Pernyataan Siti ini menunjukan potensi emas industri keuangan syariah Indonesia  yang bisa digali lagi. Karena, utamanya, potensi keuangan syariah terletak pada struktur demografi yang didominasi oleh masyarakat Muslim.

Jumlah mayoritas populasi Muslim akan berbuntut pada permintaan (demand) produk dan layanan keuangan syariah yang cukup tinggi. Semakin meningkatnya kesadaran masyarakat akan kepatuhan syariah dalam aktivitas keuangan akan berujung pada melonjaknya permintaan produk dan layanan keuangan syariah. Kemudian, potensi lainnya dapat dilihat dari peran pemerintah selama ini dalam memacu pertumbuhan industri keuangan syariah.

Deputi Direktur Perbankan Syariah KNEKS Yosita Nur Widayanti menjelaskan, sejauh ini pemerintah telah menunjukkan komitmen yang kuat dalam memajukan industri tersebut. Dukungan kebijakan, peningkatan kesadaran masyarakat terhadap produk keuangan syariah serta meningkatnya permintaan dari sektor korporasi dan ritel, semuanya berkontribusi pada potensi pertumbuhan yang lebih lanjut.

“Selain itu, Indonesia memiliki populasi Muslim terbesar di dunia, yang menciptakan pangsa pasar yang besar bagi industri keuangan syariah. Dengan terus diperkuatnya ekosistem keuangan syariah di Indonesia, potensi sektor ini diharapkan dapat terus berkembang,” kata Yosita, beberapa waktu lalu.

Hal senada diungkapkan Ketua Umum Perkumpulan Bank Syariah Indonesia (Asbisindo) Hery Gunardi menyatakan industri perbankan telah memasuki era bank 4.0, di mana digitalisasi mengubah cara, pola hidup, serta cara bekerja dan berinteraksi masyarakat.

“Memasuki era 4.0 ini, industri perbankan syariah dihadapkan dengan berbagai macam tantangan, misalnya, uncertainty due to economic instability, concern tentang risk environment, rising complexity and regulation, business performance, sustainability, stakeholder demand, dan yang terakhir ada integrated approach support decision making,” ujarnya.

Saat ini, perbankan dituntut dapat bersaing serta beradaptasi dengan cepat untuk dapat mencapai hasil optimal dan mampu menghadapi segala tantangan di lingkungan yang senantiasa berubah atau tidak menentu.
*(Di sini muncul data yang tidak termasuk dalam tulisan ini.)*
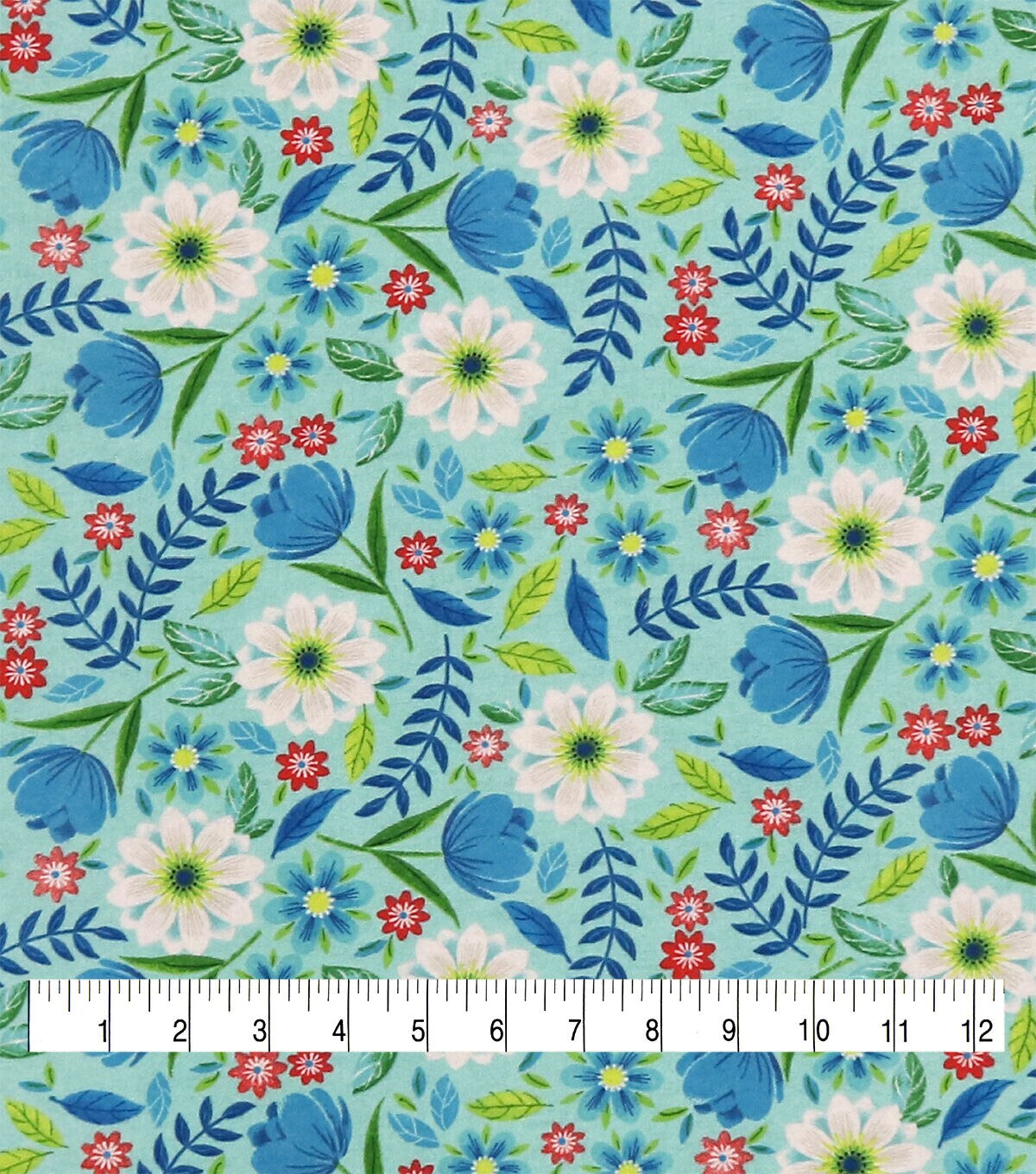 Daisy Leaves On Blue Super Snuggle Flannel Fabric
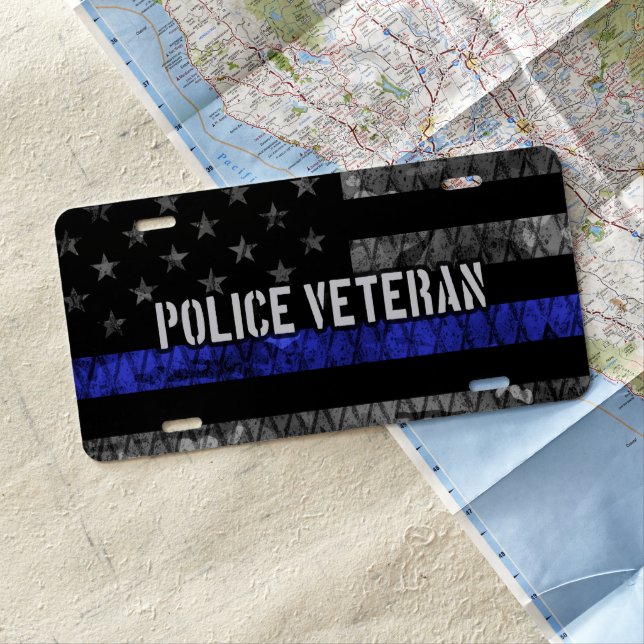 Distressed Police Veteran Police Flag License Plate (In Situ)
Dalam upaya mencapai hasil optimal seiring tetap patuh terhadap kebijakan yang ada, perbankan syariah dinilai perlu menerapkan konsep GRC (Governance, Risk, dan Compliance) terintegrasi. GRC terintegrasi mensinergikan antara governance structure, risk management, compliance, serta environment dan social (ES-GRC).

Framework yang kita sebut ES-GRC ini menjadi salah satu langkah strategis dalam menciptakan sustainability performance. At the end of the day, memang kita diharapkan untuk menjaga sustainability dari kinerja atau performance yang dimiliki oleh masing-masing unit yang kita kelola atau juga kita miliki,” ucap Hery.

Saat ini, pertumbuhan  perbankan syariah  di Indonesia ditopang oleh 13 bank umum syariah, 20 unit usaha syariah dan 171 bank perekonomian rakyat (BPR) syariah dengan sebaran porsi aset 65,7 persen bank umum syariah, 31,7 persen unit usaha syariah, dan BPR syariah sebesar 2,5 persen.